Proof. $(1)\to(2)$ is obvious.
$(2)\to(3)$ Suppose that $\ve_n\to0$. Find a sequence $\langle \delta_n \colon n\in\omega\rangle$ such that $\sum\limits_{n=1}^\infty f_0(n)\delta_n<+\infty$. Let $f\in\omega^\omega$ be such that $e_k\le\delta_n$ for $k\in[f(n-1),f(n))$. Suppose $X\in\mathcal F$ is such that $|X\cap f(n)|\le f_0(n)$ for $n\in\omega$. Therefore,2 $$\sum_{n\in X}\ve_n \le \sum_{n=1}^\infty f_0(n)\cdot \delta_n < \infty$$
$(3)\to(1)$ Suppose that $f\in\omega^\omega$ is an increasing function. Suppose that $X\in\mathcal F$ is such that3 $\sum\limits_{n\in X}\ve_n<1$. It follows that $|X\cap f(n)|\le n$. $\hspace{3cm}\square$
1 The formulation of the inequality "$\sum_{n\in X} \ve_n < \infty$" and also the proof seem to indicate that the authors only work with $\ve_n\ge0$, but this is not really an issue. We can simply replace $\ve_n$ by $|\ve_n|$.

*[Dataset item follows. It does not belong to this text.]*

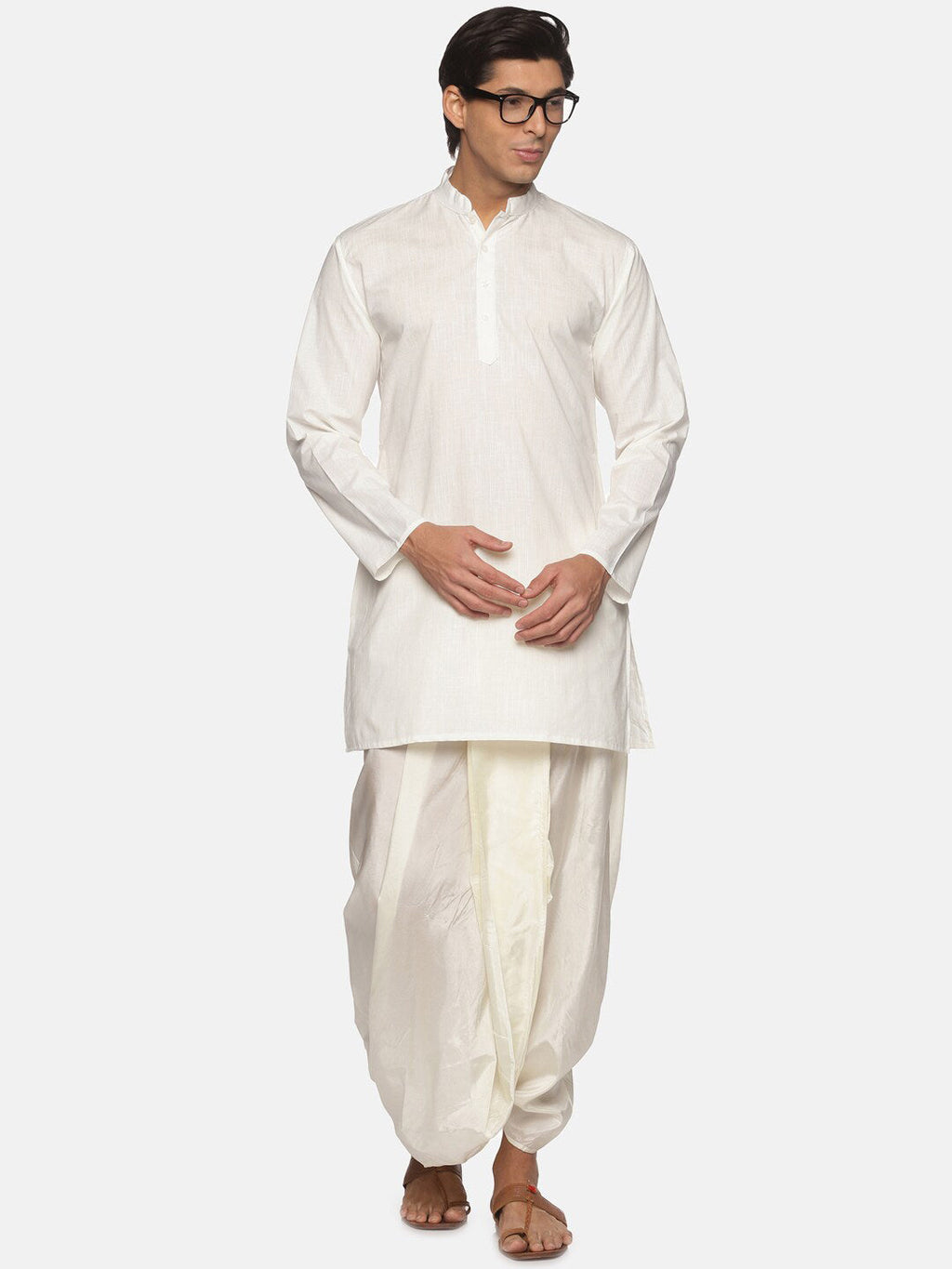 Sethukrishna Men Cream-Coloured Striped Pure Cotton Kurta with Dhoti Pants | Grocsy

2 We can choose $\delta_n$ in such way that $\sum\limits_{n=1}^\infty f_0(n)\delta_n<1$. In this way we get as equivalent condition the existence of $X\in\mathcal F$ fulfilling $\sum\limits_{n\in X}\ve_n<1$.
3 Here is the place where in the proof uses the assumption $\sum\limits_{n\in X}\ve_n<1$ is used, although (2) only says $\sum\limits_{n\in X}\ve_n<\infty$.
So my questions are:
- Am I correct in saying that the above proof in fact shows that $\mathcal F$ is rapid if and only if for each non-negative sequence $\ve_n$ there exists $X\in\mathcal F$ such that $\sum\limits_{n\in X} \ve_n<1$?

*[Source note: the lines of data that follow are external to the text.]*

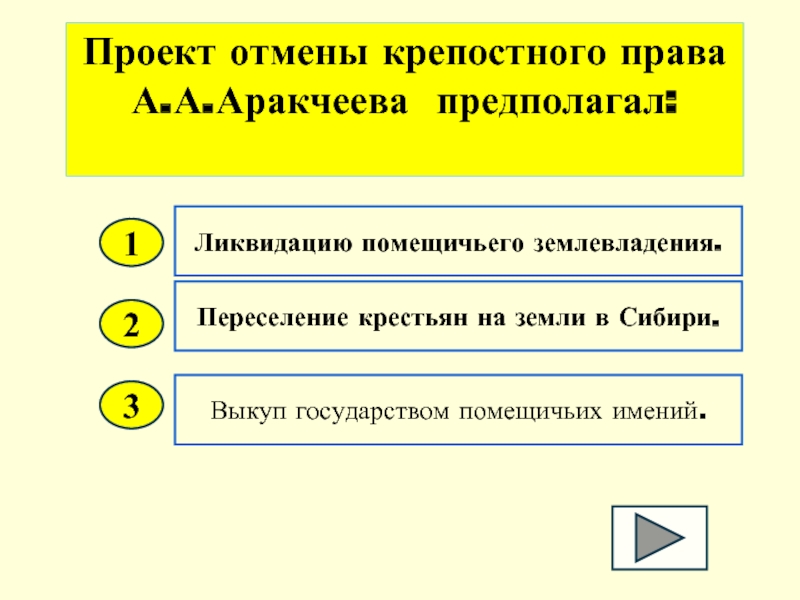 Проект аракчеева об отмене крепостного права год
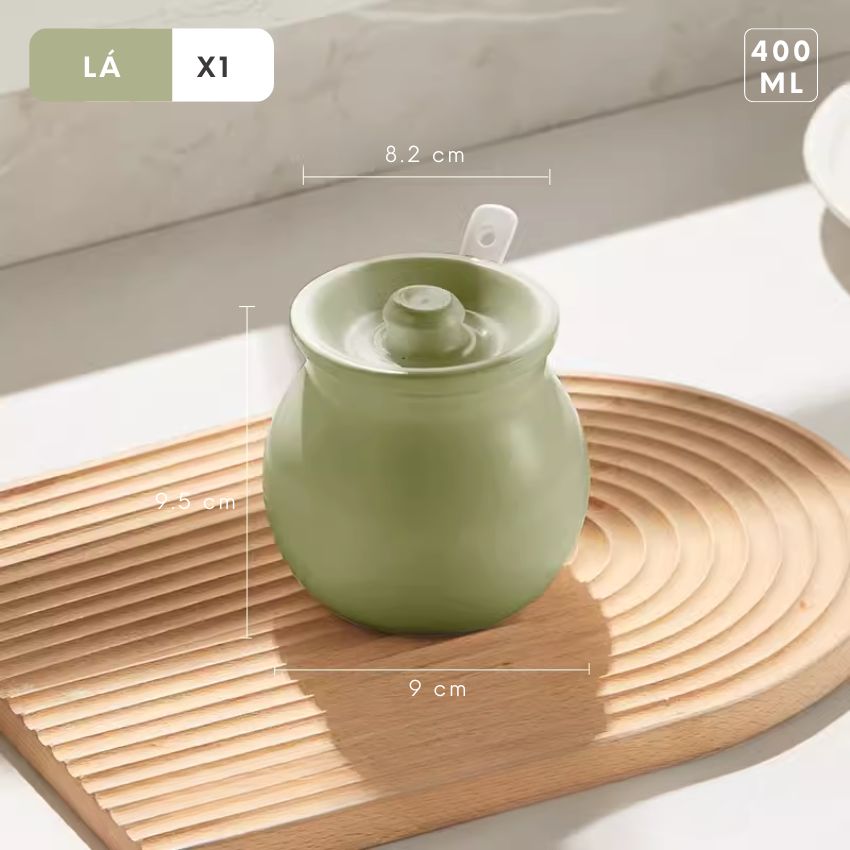 Hũ gốm sành sứ có nắp đựng mỡ lợn kèm thìa, âu sứ gốm đựng mỡ có nắp sang trọng 400 - 1400ml - DXGVAM01TR400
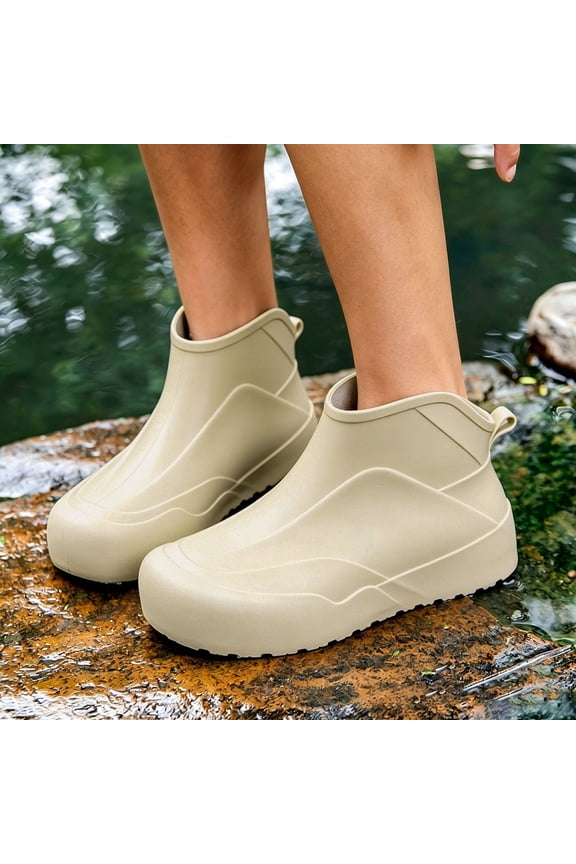 Women's Short Ankle Rain Boots Flexible Rubber Slip On Solid Neutral Shades for Garden Maintenance Rainy Daily Errands White 40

- Is the same condition with $\sum\limits_{n\in X} \ve_n<\infty$ instead of $\sum\limits_{n\in X} \ve_n<1$ equivalent?
Note that the definition of filter in Bartoszyński & Judah requires that they extend the Fréchet (cofinite) filter.
In this case, removing finitely many elements from a set in the filter results in another set in the filter, and it is easy to see that in there is an $X \in \mathcal{F}$ such that $\sum_{n\in X} \varepsilon_n$ converges, then there is a $Y \subseteq X$ in $\mathcal{F}$ such that $\sum_{n \in Y} \varepsilon_n < 1$.